On the other time-spectrum of opera, the WNO will produce Handel’s Tamerlano with Domingo as Bajazet and David Daniels as Tamerlano. Friends of baroque opera will finally get their fill at the WNO with this 1724 work that Handel squeezed in at the Haymarket between Giulio Cesare and Rodelinda. The “Greatest Hits” opera that pleases the crowd will come in the form of – I shan’t comment - La Boheme by our-all favorite composer: Giacomo Puccini. The WNO terms it the opening of “a most audience-friendly season”. The good news about this attempt to befriend most of the audience is the directorship of Mariusz Trelinski whose Chénier was excellent, even if his Butterfly was, for all the visual appeal, in much need of updating and refining. [Sep 15, 17, 19, 20, 23m, 25, 27, 29, 30m, 2007]

Mozart’s Don Giovanni will bring another favorite, Ildar Abdrazakov (L’Italiana in Algeri) as Leporello, back to DC and has him sing vis-à-vis Operalia member Erwin Schrott. When Abdrazakov takes on the role of the Don from Schrott, his brother, Askar, will be Leporello. Anja Kampe will be Donna Elvira.
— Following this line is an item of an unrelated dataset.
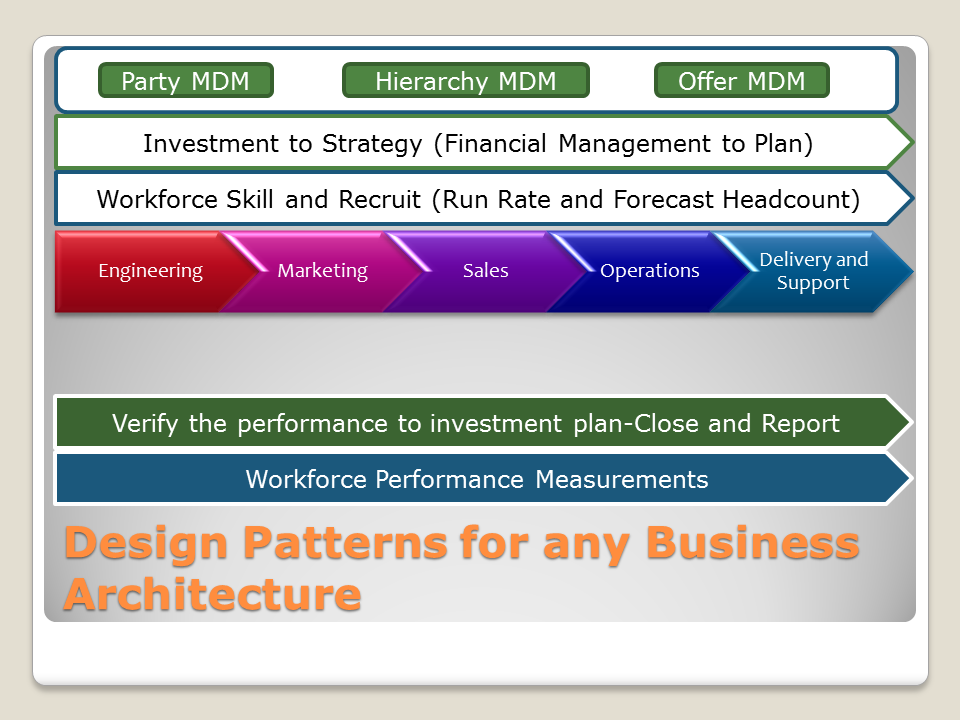 Management Capabilities Theory Of Constraints Applied In A Generic Enterprise And Business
Don Giovanni will get a somewhat new production by John Pascoe (Democracy) – it will be a re-working of his version that was performed at DAR Constitution Hall three seasons ago. [Oct 25, 29, Nov 1, 4m, 7, 10, 13, 16, 2007]
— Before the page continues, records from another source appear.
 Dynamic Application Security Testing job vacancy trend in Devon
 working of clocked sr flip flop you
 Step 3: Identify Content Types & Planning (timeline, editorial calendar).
Verdi is served with Rigoletto, featuring perhaps the most successful Operalia member, so far, Joseph Calleja as the Duke of Mantua. Lyubov Petrova (also well remembered from L’Italiana) and Carlos Álvarez are Gilda and Rigoletto. [Mar 29, 31, Apr 1, 3, 6m, 9, 12, 13m, 2008] The last fully staged opera of the 2007 / 2008 season will be Elektra by Richard Strauss – with Susan Bullock (Elektra), Christine Goerke (Chrysothemis), Irina Mishura (Klytemnestra) and Daniel Sumegi (Orest) – which is always a joy to see, even in a revival. [May 10, 12, 15, 18m, 21, 24, 29, 2008]
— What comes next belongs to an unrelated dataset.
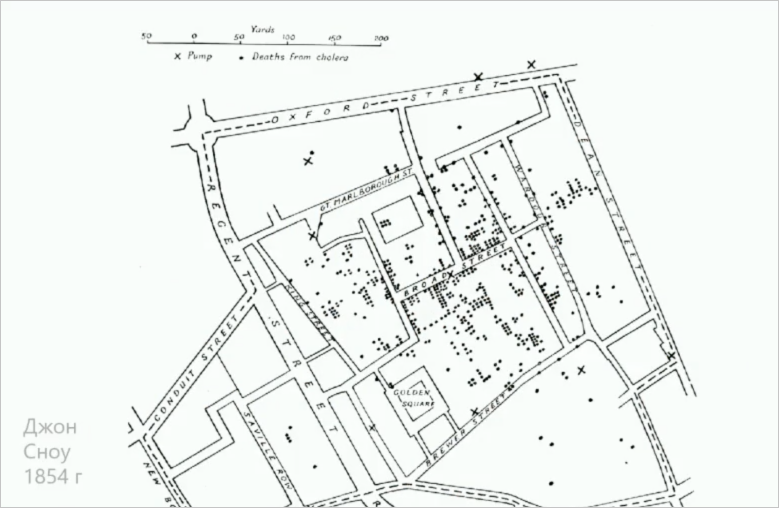 Какую пользу приносит инфографика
The WNO nightcap consists of two concert performances (at the Opera House) of Mascagni’s Cavalleria Rusticana in combination with something yet to be announced. Salvatore Licitra (Chénier, Tosca) and Dolora Zajick (debut) will perform.


Garth Trinkl said...

Jens, as you know, the Washington National Opera, is not now a small opera company, but the flagship opera company of the capital city of the richest and only surviving superpower on earth, at present. I have no problem with the WNO's presentation of Arthur Miller, Arnold Weinstein, and William Bolcom's A VIEW FROM THE BRIDGE. The presentation fits in with the Washington National Opera's progressive commitment to present one American opera each and every season -- something to which the grand Metropolitan National Opera -- now under Peter Gelb -- has not yet committed; though I expect that he will announce this commitment perhaps this winter.

I hope, personally, that Mascagni’s Cavalleria Rusticana will be matched by Dallapiccola's The Prisoner.

Or following up upon the WNO's production of Janacek's Jenufa this Spring, how about a staging --without intermissions -- of Janacek's From the House of the Dead. You asked for operatic relevance, didn't you?

Happy New Year, belatedly, to you and Charles.

jfl said...

I agree. Now lets get Congress to find its cultural vain and give the WNO a one-time, no-strings attached, gift of $ 100 or $200 million to its endowment. It's peanuts, compared to what the country blows on projects far less worthy and it would suffice to turn the WNO from a hand-to-mouth opera house (where the limitations creak through all the good intentions and the facade of great professionalism) into something stable and respectable and something to be proud of... and even let them have a little repertory, perhaps. (For the price of two daring extra productions a year, I'll gladly have them alternate between a couple or four crowd-pleasing staples ever two years.)



My Daily Struggles said...

I saw the WNO's Flying Dutchman in March 2008. It was an excellent production musically and in terms of staging.